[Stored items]
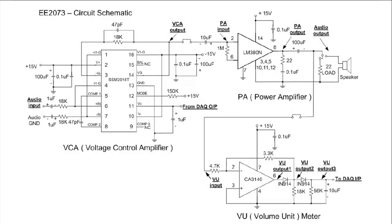After so many weeks of hard work, finally we have come to the integration of our audio amplifier system. For the past three weeks, we have looked at the characteristics and the performance for each individual subsystem.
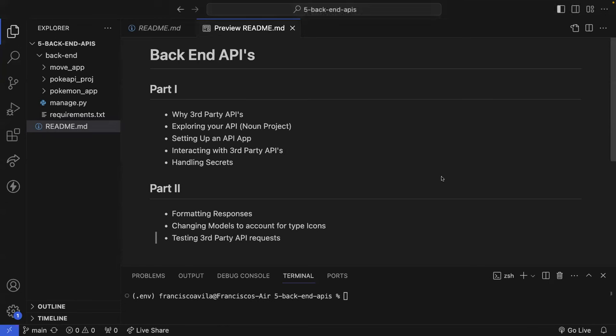Today we're going to be talking about back-end APIs. In part one, we're going to be covering why third-party APIs within the back-end framework, exploring your API — we'll be utilizing the Noun Project for this lesson — setting up an API app, interacting with third-party APIs, and handling secrets within your Django project. In part two, we'll talk about formatting these responses, changing models to account for type icons, and testing third-party API requests.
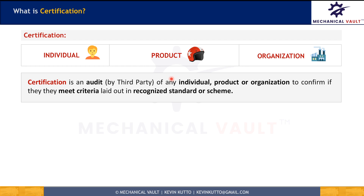This certification will bring credibility to those individuals, products, and organizations in this competitive world. Now the question is: who puts down these standards or schemes which these individuals, products, or organizations follow and seek certification for?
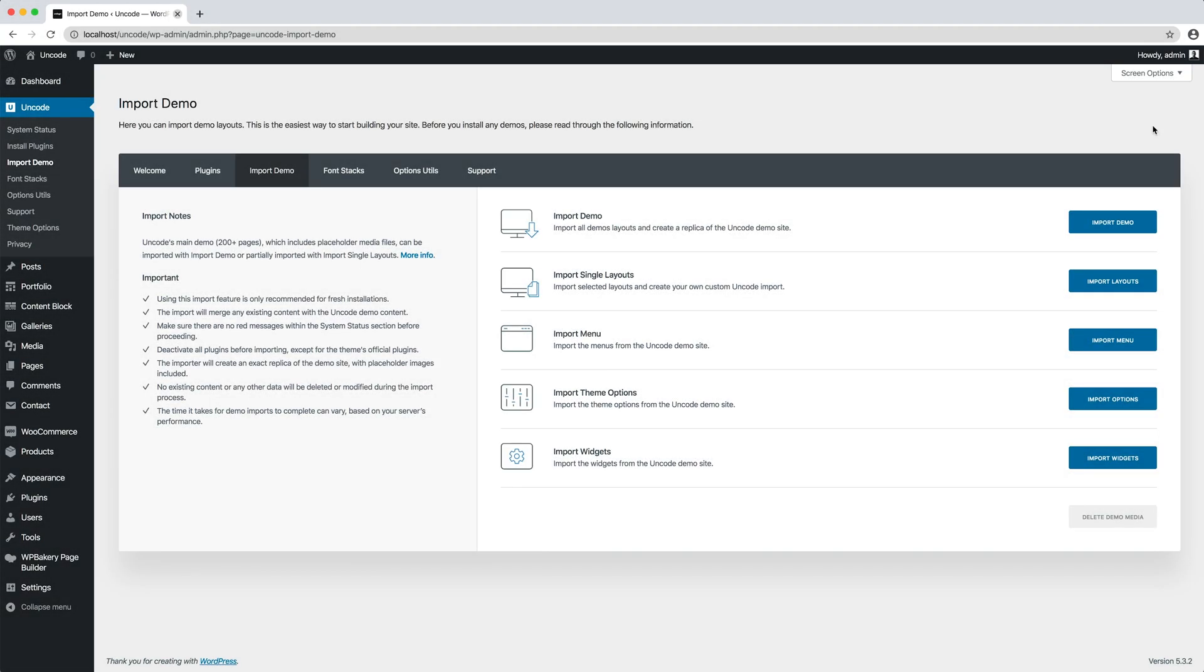Hi everyone, in this video we're going to show you how to install the Uncode demo contents. The demo import allows you to import the Uncode ready-made layouts that you can use as a starting point for building your site faster.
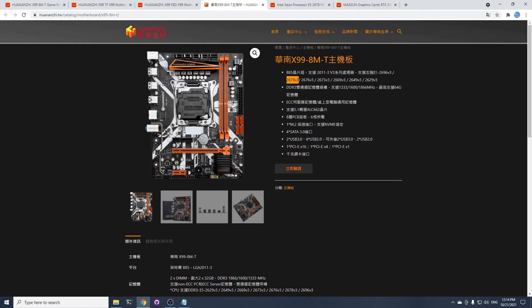RTL8111 gigabit ethernet card as well. Please note that since it only supports DDR3, the list of compatible processors is quite restricted.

● Task statement:
Every record, from top to bottom, gets written out exactly; no picture goes into the copy.

● The completed task:
After so many weeks of hard work, finally we have come to the integration of our audio amplifier system. For the past three weeks, we have looked at the characteristics and the performance for each individual subsystem.
Today we're going to be talking about back-end APIs. In part one, we're going to be covering why third-party APIs within the back-end framework, exploring your API — we'll be utilizing the Noun Project for this lesson — setting up an API app, interacting with third-party APIs, and handling secrets within your Django project. In part two, we'll talk about formatting these responses, changing models to account for type icons, and testing third-party API requests.
This certification will bring credibility to those individuals, products, and organizations in this competitive world. Now the question is: who puts down these standards or schemes which these individuals, products, or organizations follow and seek certification for?
Hi everyone, in this video we're going to show you how to install the Uncode demo contents. The demo import allows you to import the Uncode ready-made layouts that you can use as a starting point for building your site faster.
RTL8111 gigabit ethernet card as well. Please note that since it only supports DDR3, the list of compatible processors is quite restricted.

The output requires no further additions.